Taiwan began a three-day mourning period to remember the victims of Typhoon Morakot on Saturday, two weeks after the island's worst weather disaster in 50 years devastated its mountainous south.
The storm took at least 500 lives and caused more than $2 billion in property damage. It triggered landslides and widespread flooding that trapped thousands of people in remote villages for days.
Early Saturday flags around Taiwan were lowered to half staff, and government officials attended religious events paying homage to the storm victims.
Since the full dimensions of the Morakot disaster became clear about 12 days ago, President Ma-Ying-jeou has struggled to assuage widespread anger over the government's slow response.
His approval rating has now dropped to below 20 percent - a 30 percent decline in only three months - amid an almost daily battering in Taiwan's hypercritical media - including in outlets normally friendly to the administration.
The Liberty Times - which normally supports the opposition - published details on Saturday of the $110 Japanese meal enjoyed by Ma's economic minister on the first day of a massive rescue operation aimed at saving the lives of thousands of flood-stranded villagers.

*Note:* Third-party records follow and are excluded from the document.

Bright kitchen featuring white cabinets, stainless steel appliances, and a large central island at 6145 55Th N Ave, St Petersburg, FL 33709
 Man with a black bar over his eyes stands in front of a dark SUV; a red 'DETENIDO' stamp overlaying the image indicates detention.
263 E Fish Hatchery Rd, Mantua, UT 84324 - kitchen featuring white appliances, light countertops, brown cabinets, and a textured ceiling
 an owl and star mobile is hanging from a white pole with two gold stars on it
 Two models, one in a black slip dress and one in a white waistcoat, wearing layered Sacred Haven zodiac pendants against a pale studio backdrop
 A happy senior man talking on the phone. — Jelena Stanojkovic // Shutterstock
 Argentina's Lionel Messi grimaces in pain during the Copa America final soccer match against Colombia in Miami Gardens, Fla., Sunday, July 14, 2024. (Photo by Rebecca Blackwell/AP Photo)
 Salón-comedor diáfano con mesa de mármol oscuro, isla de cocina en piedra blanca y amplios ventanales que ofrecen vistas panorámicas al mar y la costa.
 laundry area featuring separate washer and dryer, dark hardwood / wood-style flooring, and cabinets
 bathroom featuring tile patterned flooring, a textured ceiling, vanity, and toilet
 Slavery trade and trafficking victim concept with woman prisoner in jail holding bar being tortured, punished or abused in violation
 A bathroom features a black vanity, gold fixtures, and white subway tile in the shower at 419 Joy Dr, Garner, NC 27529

Three other senior officials - the vice-foreign minister, the defense minister and the Cabinet secretary-general - have already offered to resign, their reputations pummeled by a growing perception that the government was either indifferent to the fate of Morakot's victims or incapable of offering them succor.
Ma has been visiting hard-hit areas in the south over the past two days, bowing before the families of the dead and promising that a planned $3 billion reconstruction program will be carried out with exemplary efficiency.
A major question now facing Ma is how quickly he will be able to reverse the considerable political damage he has sustained and get back to dealing with the signature enterprise of his presidency - improving relations with rival China, from which Taiwan split amid civil war in 1949.
In his 15 months in office, Ma has reversed the pro-independence policies of his predecessor, moving rapidly to link Taiwan's economy with that of the mainland, and even speaking of a peace treaty between the sides.
So far the pro-independence opposition has been cautious about raising the issue of whether someone whose leadership has been so
badly wounded can be counted on to effectively manage the complex
and politically sensitive China opening.
Ma himself appeared to address the issue at a press conference
on Tuesday, saying management of China ties is unrelated to Morakot
and the difficult questions it raises.